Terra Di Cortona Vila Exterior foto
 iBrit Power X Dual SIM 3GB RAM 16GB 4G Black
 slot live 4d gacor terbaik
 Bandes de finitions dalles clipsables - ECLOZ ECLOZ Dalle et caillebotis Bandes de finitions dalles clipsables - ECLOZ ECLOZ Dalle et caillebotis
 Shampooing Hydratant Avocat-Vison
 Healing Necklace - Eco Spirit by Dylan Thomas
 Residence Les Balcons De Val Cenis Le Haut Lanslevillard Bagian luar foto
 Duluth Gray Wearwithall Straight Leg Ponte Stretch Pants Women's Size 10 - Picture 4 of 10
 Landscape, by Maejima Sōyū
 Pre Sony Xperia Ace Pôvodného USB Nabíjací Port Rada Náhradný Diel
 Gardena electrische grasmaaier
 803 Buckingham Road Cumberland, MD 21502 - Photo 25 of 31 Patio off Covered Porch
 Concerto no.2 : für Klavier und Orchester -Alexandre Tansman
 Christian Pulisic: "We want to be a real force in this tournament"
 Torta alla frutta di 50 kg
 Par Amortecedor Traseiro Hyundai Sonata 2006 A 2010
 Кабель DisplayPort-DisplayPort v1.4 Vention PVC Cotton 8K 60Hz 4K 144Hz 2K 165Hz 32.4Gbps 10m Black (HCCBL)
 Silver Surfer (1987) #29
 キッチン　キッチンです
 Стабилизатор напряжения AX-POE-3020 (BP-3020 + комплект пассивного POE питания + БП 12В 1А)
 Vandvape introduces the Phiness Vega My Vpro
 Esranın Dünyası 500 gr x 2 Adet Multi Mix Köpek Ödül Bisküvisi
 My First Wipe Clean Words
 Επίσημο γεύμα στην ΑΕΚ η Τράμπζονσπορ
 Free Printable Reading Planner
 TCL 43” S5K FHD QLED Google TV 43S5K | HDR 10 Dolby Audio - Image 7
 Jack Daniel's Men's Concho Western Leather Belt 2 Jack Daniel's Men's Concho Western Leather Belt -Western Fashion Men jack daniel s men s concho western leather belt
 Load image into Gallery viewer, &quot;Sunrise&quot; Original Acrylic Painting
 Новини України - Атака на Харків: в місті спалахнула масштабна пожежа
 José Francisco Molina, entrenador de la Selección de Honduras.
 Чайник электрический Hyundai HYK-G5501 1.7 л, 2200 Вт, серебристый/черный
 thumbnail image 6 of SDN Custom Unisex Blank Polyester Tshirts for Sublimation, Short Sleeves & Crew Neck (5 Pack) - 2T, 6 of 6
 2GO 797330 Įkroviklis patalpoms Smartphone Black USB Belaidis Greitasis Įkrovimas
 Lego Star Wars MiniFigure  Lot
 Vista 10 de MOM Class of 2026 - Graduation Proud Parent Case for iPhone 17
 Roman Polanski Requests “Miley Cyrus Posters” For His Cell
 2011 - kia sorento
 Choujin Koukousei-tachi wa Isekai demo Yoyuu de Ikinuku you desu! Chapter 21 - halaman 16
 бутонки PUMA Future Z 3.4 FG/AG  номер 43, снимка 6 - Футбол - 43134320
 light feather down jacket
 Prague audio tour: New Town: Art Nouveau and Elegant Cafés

————————

- **What the exercise asks**
Set down, exactly as they appear above, all lines from the one that has "iBrit Power X Dual SIM 3GB RAM 16GB 4G Black" down to the one that has "803 Buckingham Road", including those two and no others.

- **Exercise result**
 iBrit Power X Dual SIM 3GB RAM 16GB 4G Black
 slot live 4d gacor terbaik
 Bandes de finitions dalles clipsables - ECLOZ ECLOZ Dalle et caillebotis Bandes de finitions dalles clipsables - ECLOZ ECLOZ Dalle et caillebotis
 Shampooing Hydratant Avocat-Vison
 Healing Necklace - Eco Spirit by Dylan Thomas
 Residence Les Balcons De Val Cenis Le Haut Lanslevillard Bagian luar foto
 Duluth Gray Wearwithall Straight Leg Ponte Stretch Pants Women's Size 10 - Picture 4 of 10
 Landscape, by Maejima Sōyū
 Pre Sony Xperia Ace Pôvodného USB Nabíjací Port Rada Náhradný Diel
 Gardena electrische grasmaaier
 803 Buckingham Road Cumberland, MD 21502 - Photo 25 of 31 Patio off Covered Porch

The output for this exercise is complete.